Do the Collapse is the band's latest offering and an interesting crossroads
from which to consider Pollard's legend. Here, Bob eschews his traditional trademark
lo-fi production, enlisting the help of Ric Ocasek. Before listening to the album,
I imagined this to be a step up for Pollard-- it seems logical that someone who can
squeeze so much from so little would only expand to meet the widening possibilities.
Unfortunately, that's not the case here, and the production ain't the problem.
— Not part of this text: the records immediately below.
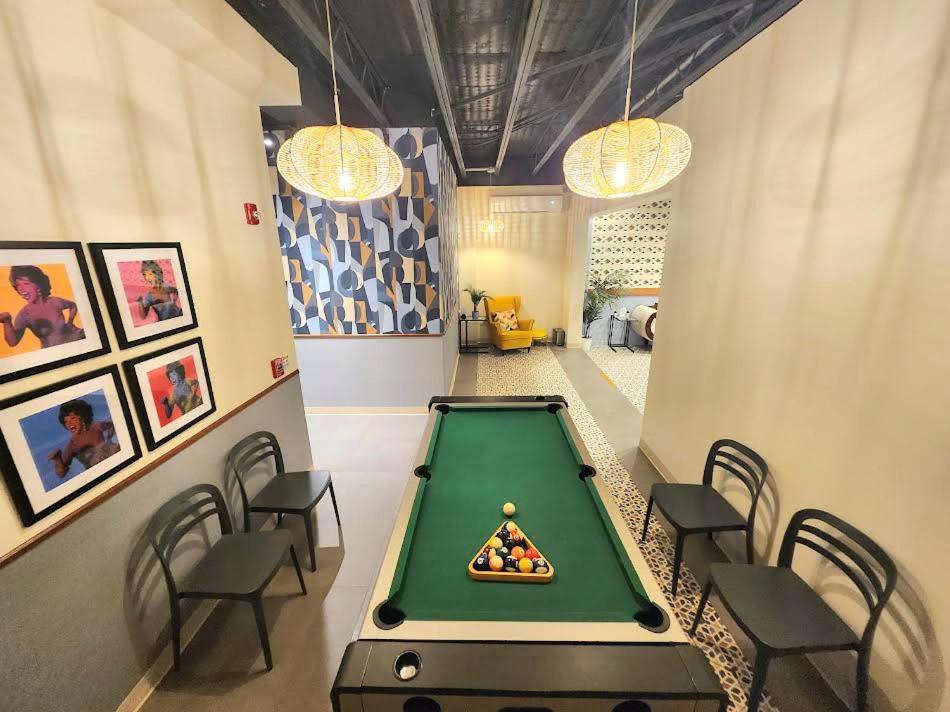 Somos Hotel San Juan Kültér fotó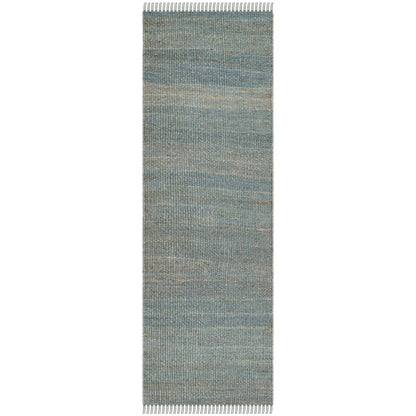 SAFAVIEH Handmade Natural Fiber Eybjorg Jute Fringe Rug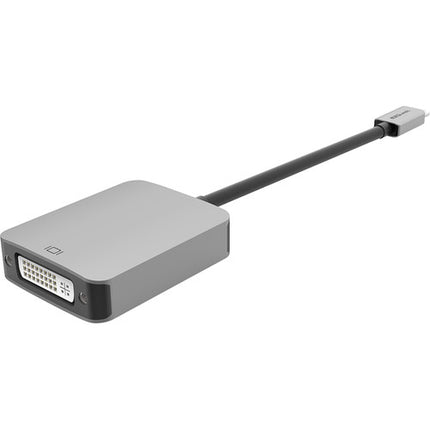 EZQuest Adaptador USB Tipo-C a DVI Soporta Resolución 1920x1200 Thunderbolt 3 Compatible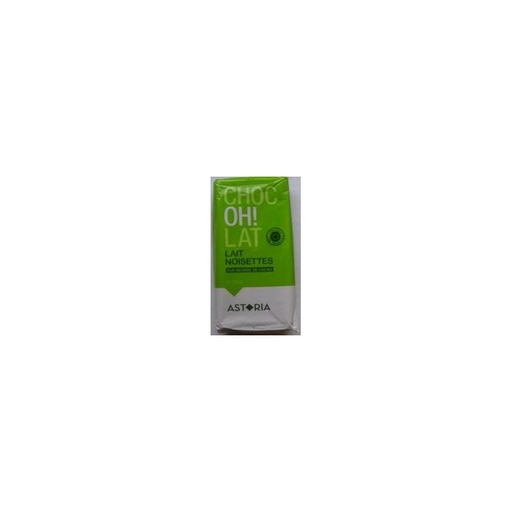[3173283142297] 1ER PRIX Tablette Chocolat Lait Noisette Astoria 4 x 100 g
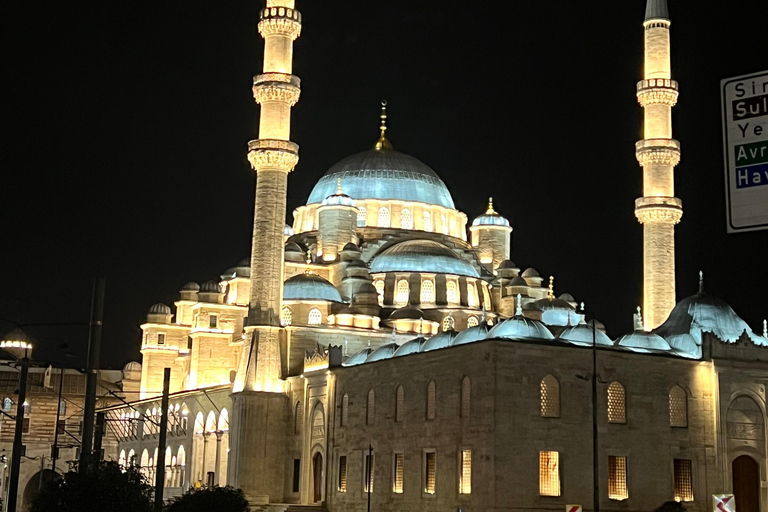 Premium Line : Private Istanbul Tour : All Inclusive Package
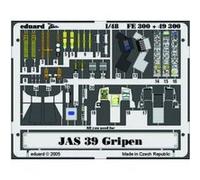 Jas-39 Gripen Für Italeri Bausatz- 1:48e - Accessories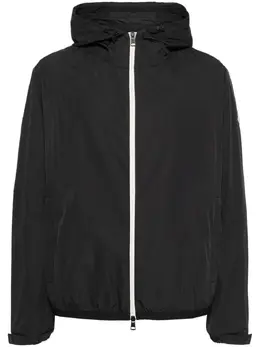 Moncler: Куртка с капюшоном 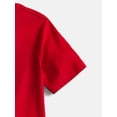 thumbnail image 4 of Wonder Nation Boys' Kid Tough Tee with Short Sleeves, 3-Pack Sizes XS-XXL & Husky, 4 of 4
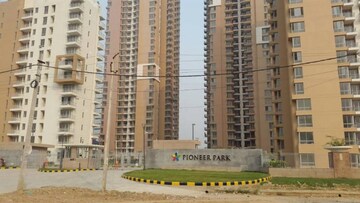 Master Plan in 3 BHK Apartment at Pioneer Park Araya, Sector 61 – for Rent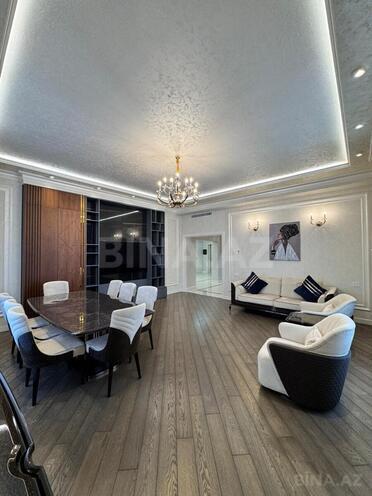 Продаётся 4-комн. новостройка 165 м², м. Низами, photo 3 from 20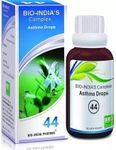 Homoeomeds BIO INDIA COMPLEX NO 44 ASTHMA DROP 30 ML BIOINDIA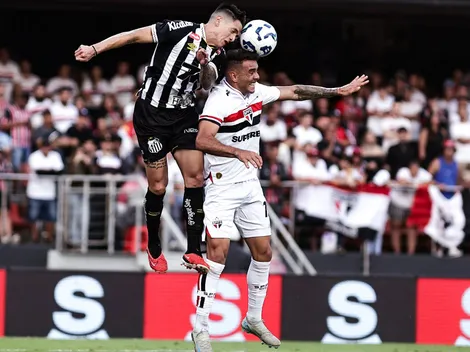 Vidente crava o vencedor de Santos x São Paulo pelo Brasileirão Betano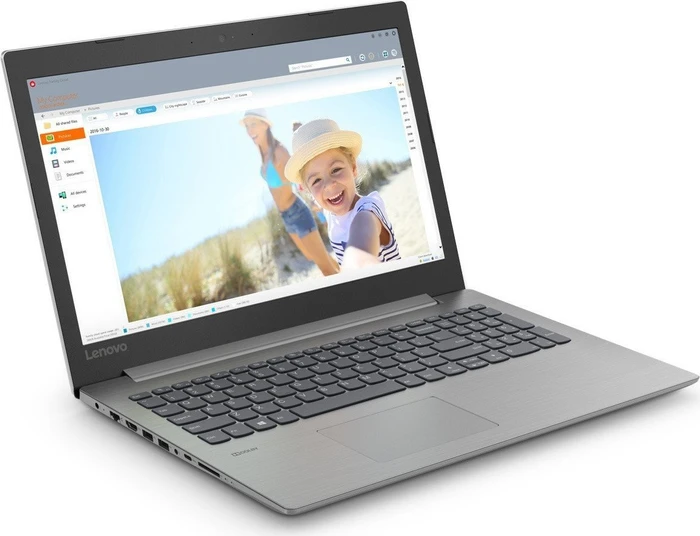 Lenovo IdeaPad 330-15IKBR, Platinum Grey, Core i5-8250U, 8GB RAM, 512GB SSD, GeForce MX150, DE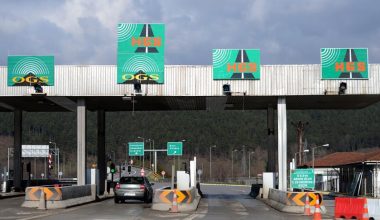 Köprü ve otoyollardan 11 ayda 1 milyar 593 milyon lira gelir.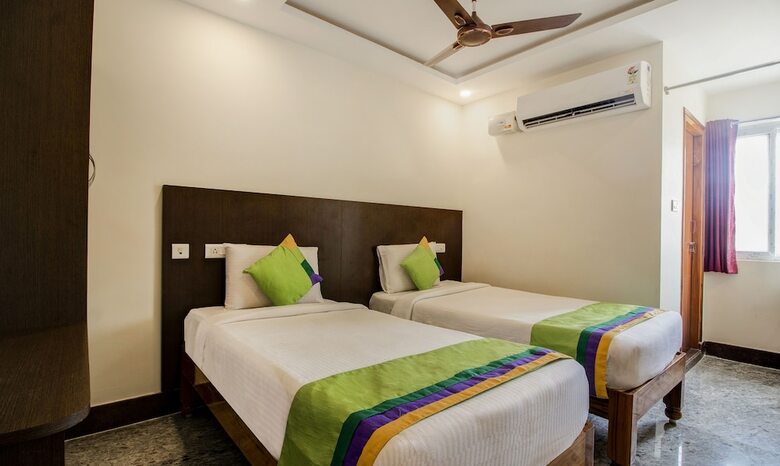 Hotel Treebo Trend Sls Grand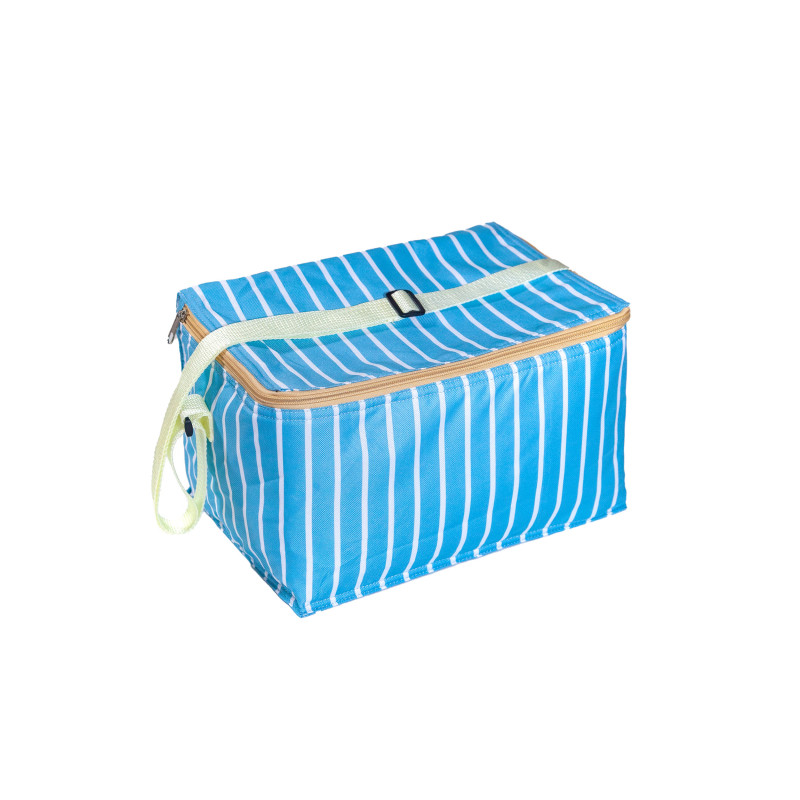 PETIT ISOTHERME DE PLAGE PLIANTE ORANGE 6L PETIT ISOTHERME DE PLAGE PLIANTE ORANGE 6L
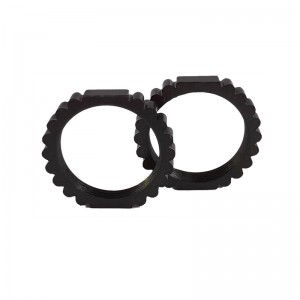Locking ring to Secure M12 Lenses to Most Holders
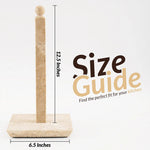 Square Towel Holder 4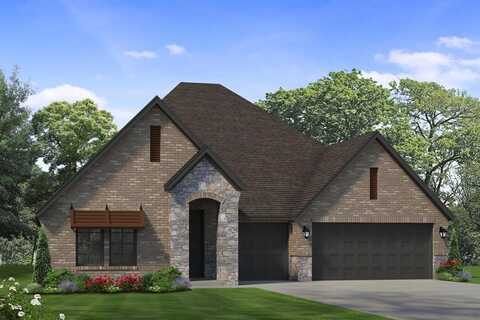 3328 Slate River Drive, Yukon, OK 73099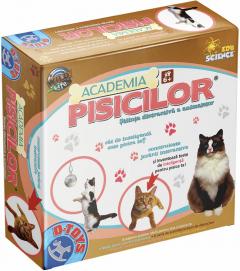 Joc educativ - Academia Pisicilor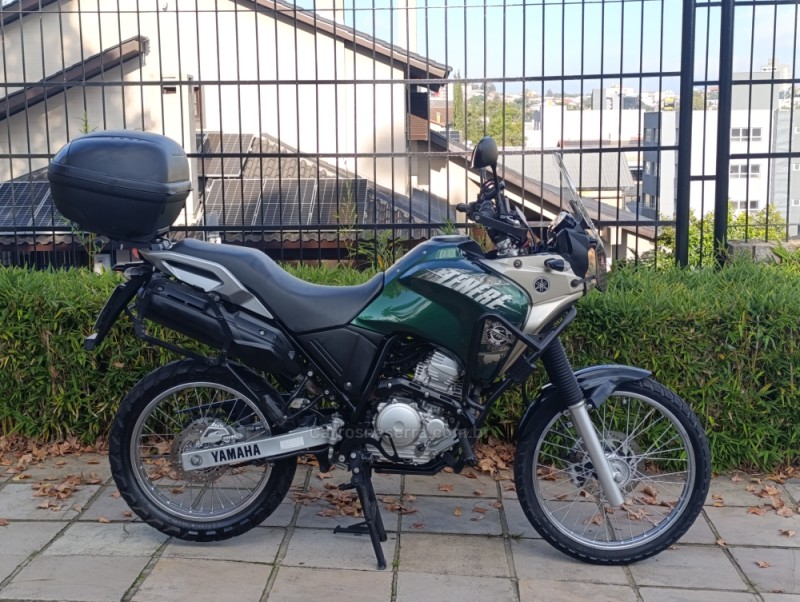 XTZ 250 TÉNÉRÉ - 2017 - CAXIAS DO SUL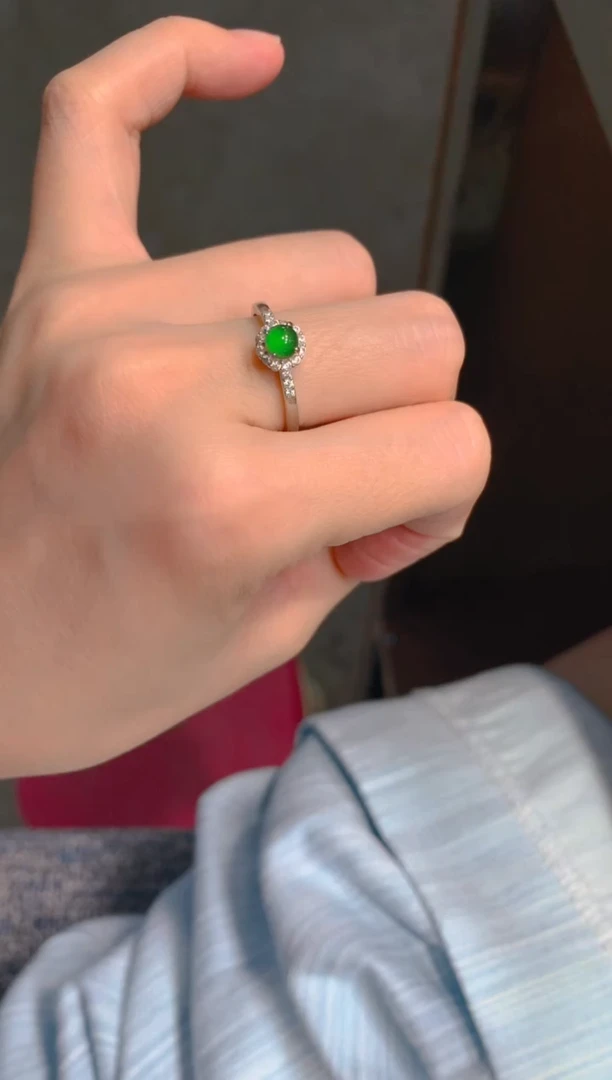 【闪购商品】定制翡翠未镶嵌6多样性发货(发其一）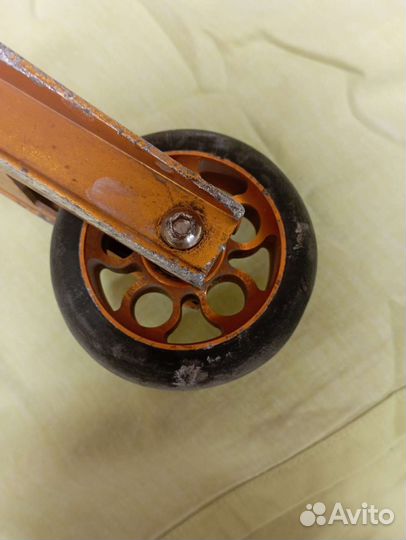 Запчасти для трюкового самоката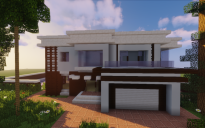 Modern House (December Projects #4)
Do the Collapse is a collection of middling, unremarkable songs that are, for
the most part, bereft of the quirky ingenuity that was once the hallmark of Pollard's
work. The album's opener and cornerstone single, "Teenage FBI," suffers not as much
from its early Cars organ fills as from its trite underlying material. Pollard used
to write minute-long Beatles songs; now he's taken to penning three-minute Ramones
tunes. Throughout the album, the added production value seems to hide rather than
accentuate. In fact, it's difficult imagining tracks like "Mushroom Art" and "Zoo Pie"
working at all without Ocasek's whistles and bells. And on "Hold On Hope," Pollard's
expanded oeuvre only exposes the emptiness of the source material.
Granted, this is still Bob Pollard we're talking about, and tunes like "Surgical Focus"
and "An Unmarketed Product" could probably teach the vast majority of songwriters a
lesson or two. But judging only a few songs successful is a failure for Pollard-- as
he went up, he went down. And ultimately, Do the Collapse is a Guided by Voices
album that will gather dust as its passed over for its companions. Circle jerk canceled.